Actualité et archéologie du Moyen-Orient et du monde de la Bible

Le panier d’Ireneos

Giuseppe Caffulli
22 février 2012
email whatsapp whatsapp facebook twitter version imprimable

Jérusalem. Au croisement de la rue du Patriarcat grec et de la voie sinueuse qui conduit à la porte de Jaffa il y a une tour ronde. L’étrange bâtiment attire d autant plus l’attention qu’un panier est suspendu à l’un des fenêtres et se balance au vent. C’est l’unique lien qui relie encore le patriarche déchu Ireneos au reste du monde.


Jérusalem.
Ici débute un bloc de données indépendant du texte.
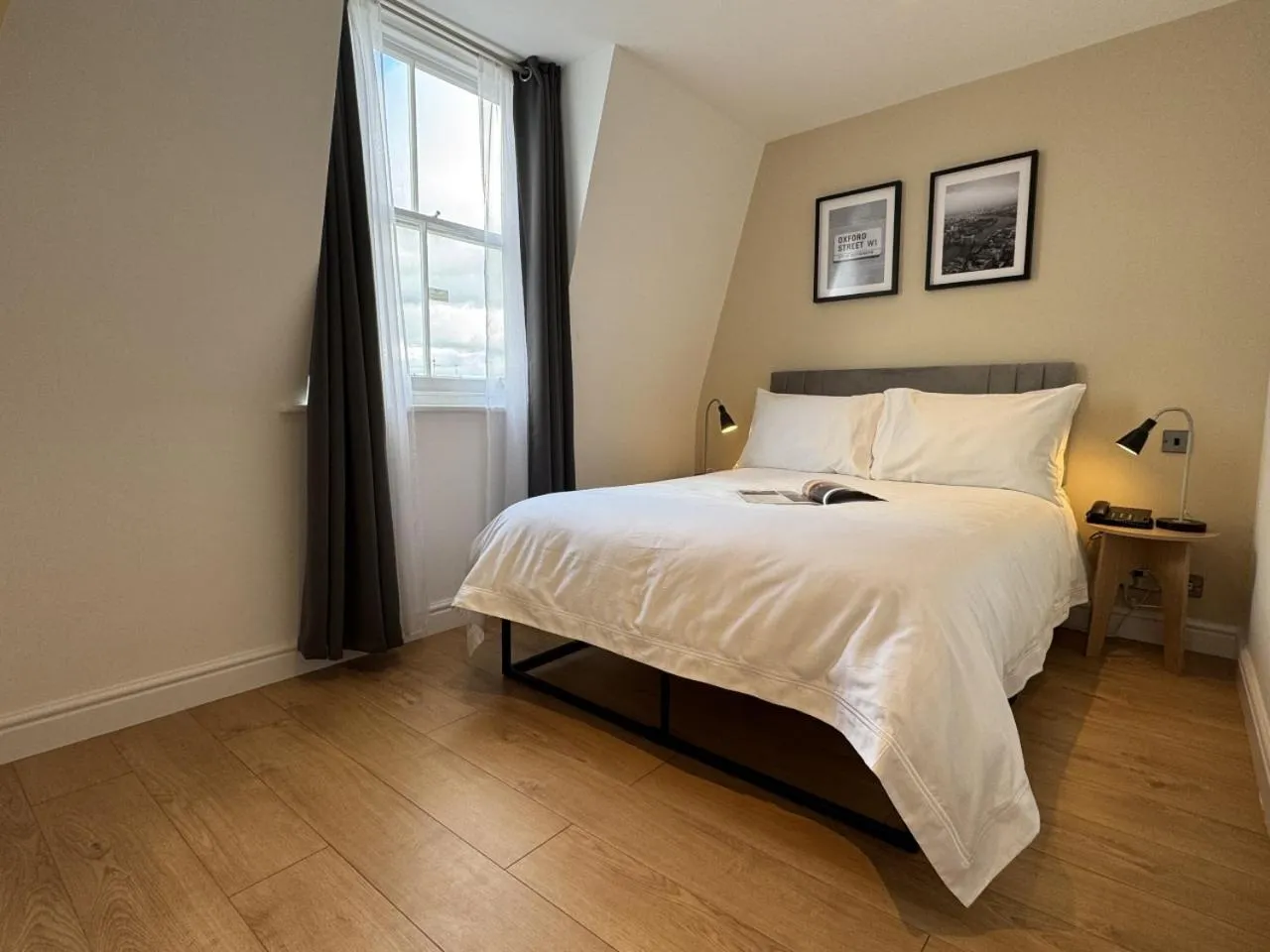 Bedroom, Bed in Berjaya Eden Park London Hotel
À l’angle de la rue du patriarcat grec (sur laquelle l’élégante porte d’entrée du siège patriarcal ne s’ouvre pas sans raison), et de la voie sinueuse qui conduit à la porte de Jaffa, au milieu d’autres maisons et d’immeubles autrefois splendides (et maintenant recouverts d’une patine de décadence) on distingue une sorte de tour ronde. Une bizarrerie au milieu des formes architecturales carrées de l’essentiel de la vieille ville. Mais ce n’est pas la seule curiosité de l’immeuble. Attirant l’attention des passants et des pèlerins qui descendent en groupe vers le Saint-Sépulcre, un panier d’osier se balance dans les airs, suspendu à une corde guidée par une poulie.  De temps à autre dans la journée, un homme qui ploie aujourd’hui sous les années fait descendre le panier. Sa barbe hirsute lui masque de gris le visage, une croix d’or se détache sur sa soutane. Une femme, parfois une none, dépose dans le panier des vivres : du pain, des légumes, l’immanquable houmous, du riz bouilli. Au signal, le panier rejoint le deuxième étage de la tour, pour disparaître à l’intérieur où l’entraînent des mains maintenant osseuses.

Depuis quelques années, c’est ici qu’a trouvé refuge, ou plutôt c’est ici que s’est reclus le patriarche grec orthodoxe grecque déchu, Ireneos Ier.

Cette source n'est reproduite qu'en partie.